There are as many types of boundaries as there are circumstances. Here are 11 different types to get your wheels turning, including an example for each that is NOT a proper boundary, and an example that is. 

Type of Boundary

NOT a Proper Boundary
(Demand of Someone Else)

A Proper Boundary
(Request of Someone Else)


“You should come to our house for Christmas Eve dinner this year because I came to your house last year.”

“I am hosting Christmas Eve dinner this year, and you are welcome to join us. Please let me know if you can make it.”


“I don’t want to gossip about our friend behind her back.”

“I'm not comfortable with this conversation.

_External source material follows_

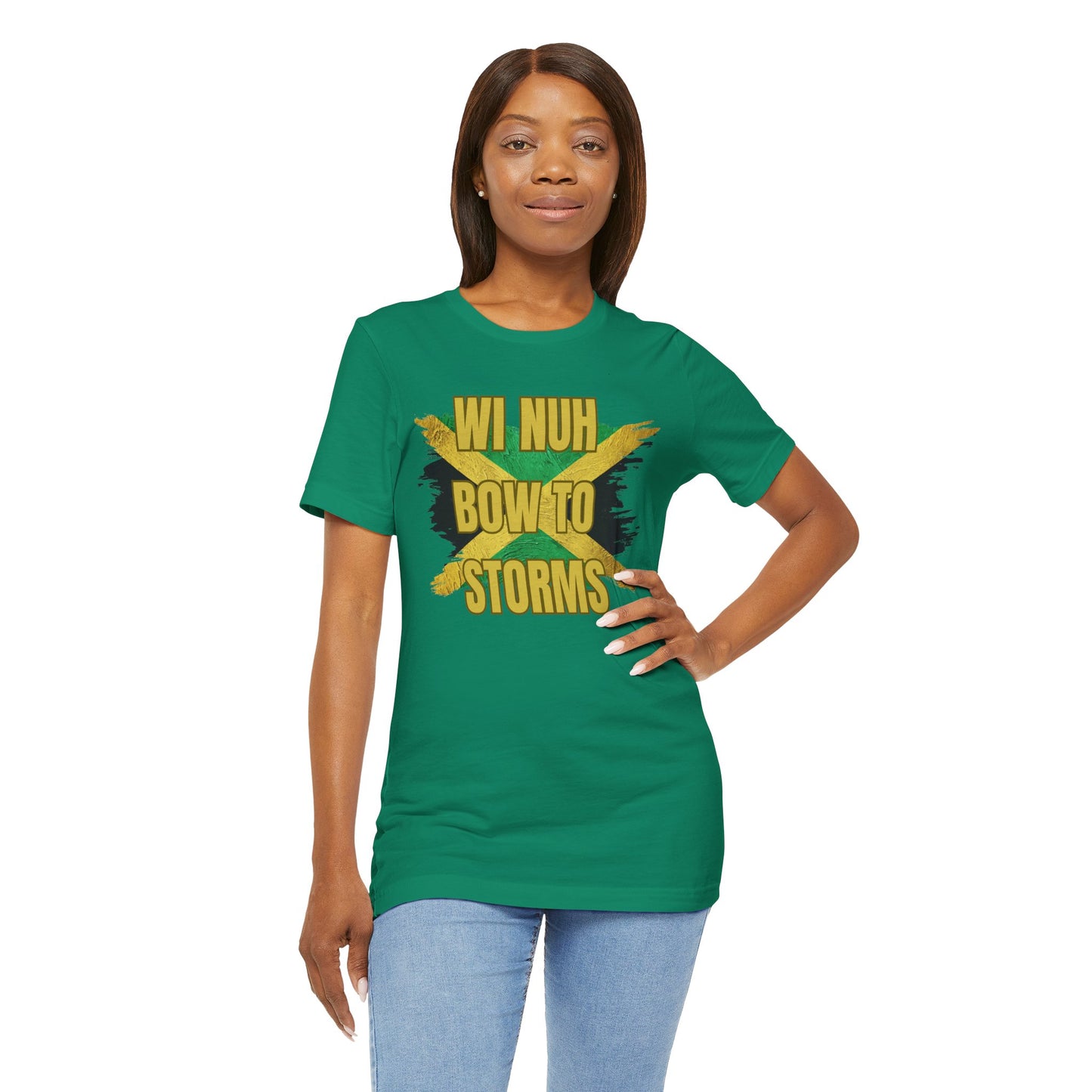 Wi Nuh Bow To Storms T-Shirt — Jamaican Resilience Graphic Tee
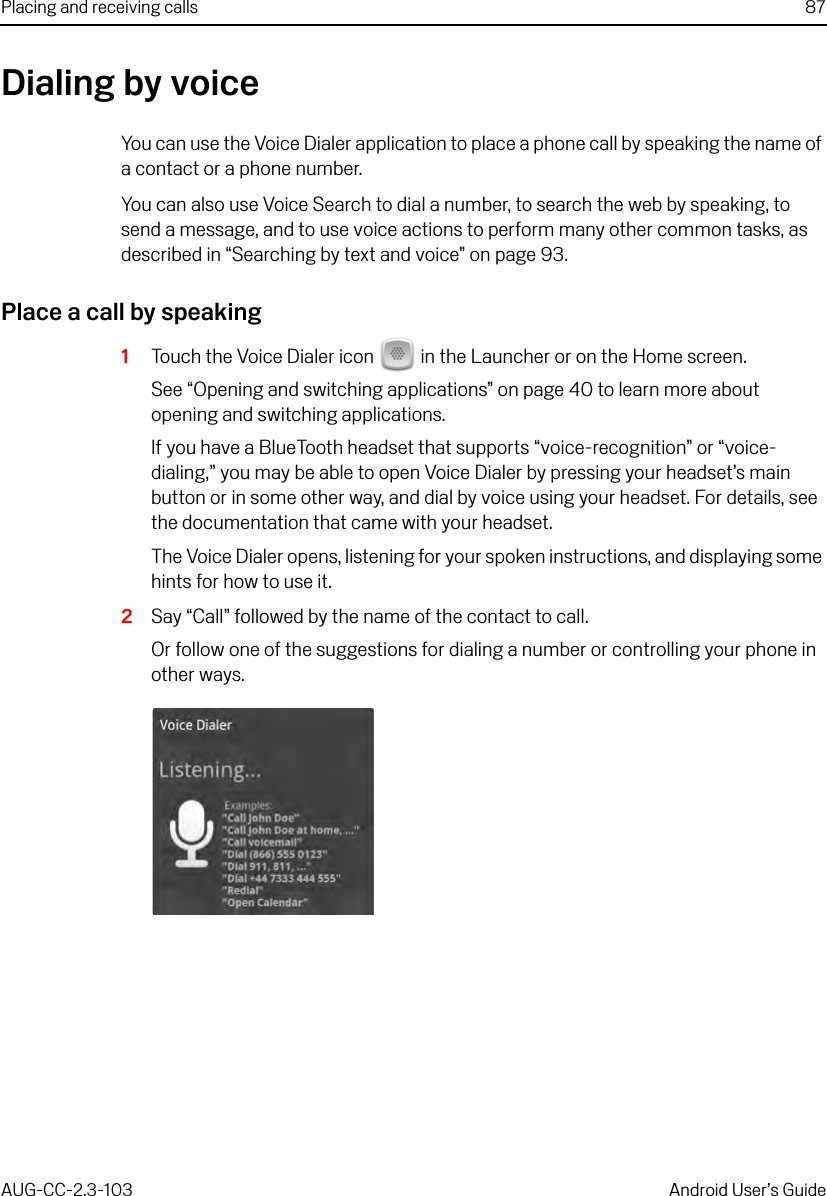 Placing and receiving calls 87AUG-CC-2.3-103 Android User’s GuideDialing by voiceYou can use the Voice Dialer application to place a phone call by speaking the name of a contact or a phone number.You can also use Voice Search to dial a number, to search the web by speaking, to send a message, and to use voice actions to perform many other common tasks, as described in “Searching by text and voice” on page 93.Place a call by speaking1Touch the Voice Dialer icon   in the Launcher or on the Home screen.See “Opening and switching applications” on page 40 to learn more about opening and switching applications.If you have a BlueTooth headset that supports “voice-recognition” or “voice-dialing,” you may be able to open Voice Dialer by pressing your headset’s main button or in some other way, and dial by voice using your headset. For details, see the documentation that came with your headset.The Voice Dialer opens, listening for your spoken instructions, and displaying some hints for how to use it.2Say “Call” followed by the name of the contact to call. Or follow one of the suggestions for dialing a number or controlling your phone in other ways.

Can we change topics or would you rather talk some other time.”


“Please don’t do drugs while you’re with me.”

“If you choose to do drugs while you’re with me, then I'm going to leave.”


“Don’t send me emails over my weekend.”

“If you choose to send me emails over my weekend, I won’t read or respond to them until I return to my desk on Tuesday.”


“Stop texting me about your schedule.”

“If you choose to text me with schedule requests, I won’t read or respond to them.”


“Stop asking me to volunteer more time and give more money to your organization.”

“I’ve already committed as many resources as I’m able to commit to this. Feel free to continue asking, but if I’m tapped out I will respectfully decline.”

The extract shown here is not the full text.